### How to complete this task
An exact reproduction of the listing is wanted, with the pictures dropped.

--- Data provided Enclosed Below ---

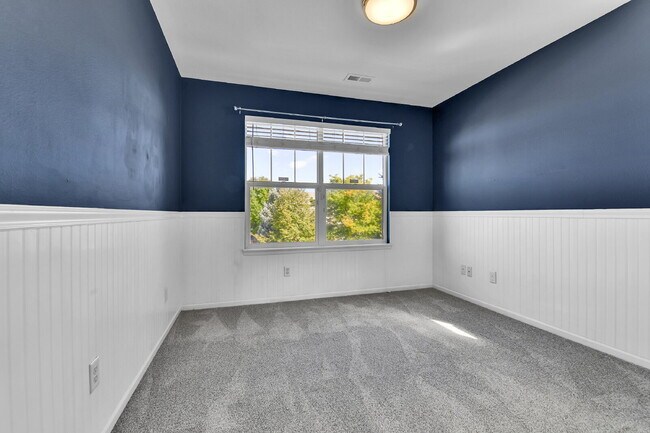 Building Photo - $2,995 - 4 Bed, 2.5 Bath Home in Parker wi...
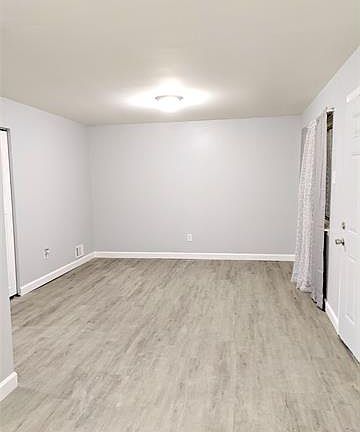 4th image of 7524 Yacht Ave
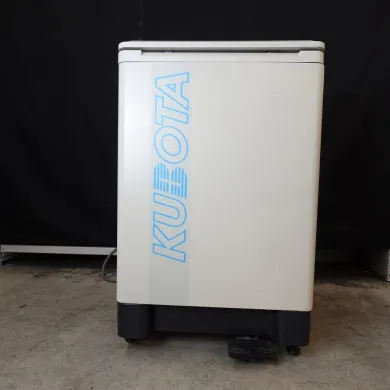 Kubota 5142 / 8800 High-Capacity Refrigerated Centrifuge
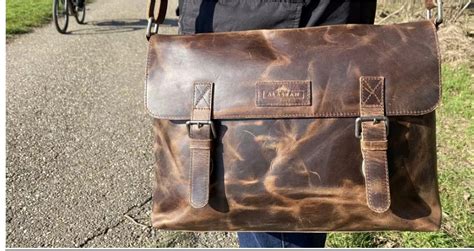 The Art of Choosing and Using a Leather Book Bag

--- End of Enclosed Data provided ---

### Finished task
 Building Photo - $2,995 - 4 Bed, 2.5 Bath Home in Parker wi...
 4th image of 7524 Yacht Ave
 Kubota 5142 / 8800 High-Capacity Refrigerated Centrifuge
 The Art of Choosing and Using a Leather Book Bag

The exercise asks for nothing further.